TABLE 1. List of primers, annealing temperatures (Ta), and sequences used to characterize Vibrio parahaemolyticus isolates.
Cultures of V. parahaemolyticus were grown overnight on LB for 18 h at 37°C, streaked onto 5% sheep blood agar, and incubated at 37°C for 18 h. Green hemolysis was defined as α, β as clear hemolysis, and γ as no hemolysis.
Denken antisera kit containing 13 lipopolysaccharide (O) and 71 capsular (K) sera was used to determine serotypes of pathogenic isolates via slide agglutination. First, V. parahaemolyticus isolates were grown overnight at 37°C on 3% NaCl LB agar. Subsequently, a loopful of culture was mixed with 1 ml of 90% normal saline. Half of the cell suspension was boiled at 99°C for 2 h and used for O serotyping whereas the remaining suspension was used for K serotyping. (Denka; Seiken Corp., Tokyo, Japan).
Pulsed-field gel electrophoresis (PFGE) of V. parahaemolyticus DNA was performed using a slight modification of the CDC Pulse-Net protocol created by the CDC (PulseNet United States, 2013), as follows.

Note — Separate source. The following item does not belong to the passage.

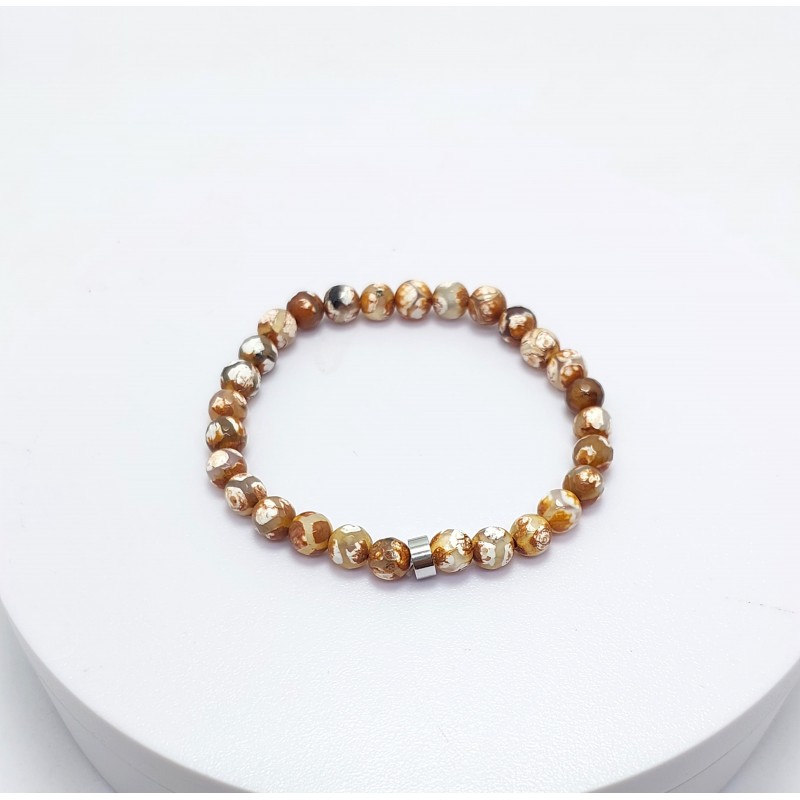 NAZAR BİLEKLİĞİ (6mm Küre Kesim) AKİK TAŞI BEJ RENK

Gel Plug Creation and Lysis
Cultures were grown for 16–18 h at 37°C on LB plates and confirmed for purity. A loopful of each broth culture was mixed with 1 ml cell suspension buffer (CSB) (100 mM Tris: 100 mM EDTA, pH 8). The concentration of cell suspension was adjusted to final absorbance of 0.9 ± 0.1 at 610 nm. Half of the cell suspension was incubated with 25 μl of 20 mg/ml Proteinase K for 10 min at room temperature. Following incubation, 500 μl of cell suspension was mixed with an equal volume of 1% SeaKem Gold agarose pre-warmed to 55–60°C. The solution was transferred to a gel plug mold, dispensed to avoid bubbles, and allowed to solidify for 5 min at 4°C. Each plug was transferred to individual 50 ml Falcon tubes. Each tube contained 5 ml cell lysis buffer (CLB) (50 mM Tris: 50 mM EDTA, 1% sarkosyl, pH 8) and 25 μl Proteinase K (20 mg/ml). Tubes containing plugs, CLBr and Proteinase K were incubated in a 54–55°C water bath with shaking at 150 rpm, for 2 h. Plugs were washed twice with 10 ml sterilized ultrapure water previously warmed to 54–55°C, with shaking, and temperature conditions as above, for 10 min. Additional washes with TE Buffer (10 mM Tris: 1 mM EDTA, pH 8) were performed a minimum of four times. Plugs were stored at 4°C with 5 ml sterile TE buffer until digestion was complete.
Digestion and Gel Casting
Vibrio parahaemolyticus isolates were SfiI digested and Salmonella enterica ATCC BAA-664, serving as control, was XbaI digested. Plugs were cut to 2.0 mm wide slices and inserted into individual 1.5 ml Eppendorf tubes containing pre-digestion master mix consisting of 180 μl sterile ultrapure water and 20 μl 10X restriction buffer per plug. Pre-digestion of V. parahaemolyticus was done with incubation at 50°C. S. enterica was incubated at 37°C and after 10 min, the pre-digestion buffer was removed and restriction enzyme master mix added. The restriction enzyme master mix for V. parahaemolyticus contained 177 μl sterile ultrapure water, 20 μl 10X restriction buffer, 2 μl BSA (10 mg/ml), and 1 μl SfiI (40 U/μl) per plug. The restriction enzyme master mix for S. enterica contained 174 μl sterile ultrapure water, 20 μl 10X restriction buffer, 2 μl BSA (10 mg/ml), and 4 μl XbaI (10U/μl) per plug. Plugs were incubated for 4 h at 50°C (V. parahaemolyticus) or 37°C (S. enterica). Following digestion, the restricted enzyme master mix was removed and 200 μl 0.5X TBE was added to each tube and incubated at room temperature for 5 min. Plugs were loaded onto a gel comb, including control plugs of S. enterica. A 1% SeaKem Gold Agarose gel was cast in 0.5X TBE, ensuring plug slices did not move. The agarose gel and plugs were allowed to solidify for at least 30 min and inserted into an electrophoresis chamber containing 4 L freshly prepared 0.5X TBE adjusted to 14°C, with a flow rate of 1 L/min.
CHEF Mapper and Staining
The CHEF Mapper electrophoresis chamber program was set to Auto Algorithm, with a low MW of 78 kb and high MW of 396 kb. After running for 18–19 h, the gel was stained in ethidium bromide (10 mg/ml) and visualized.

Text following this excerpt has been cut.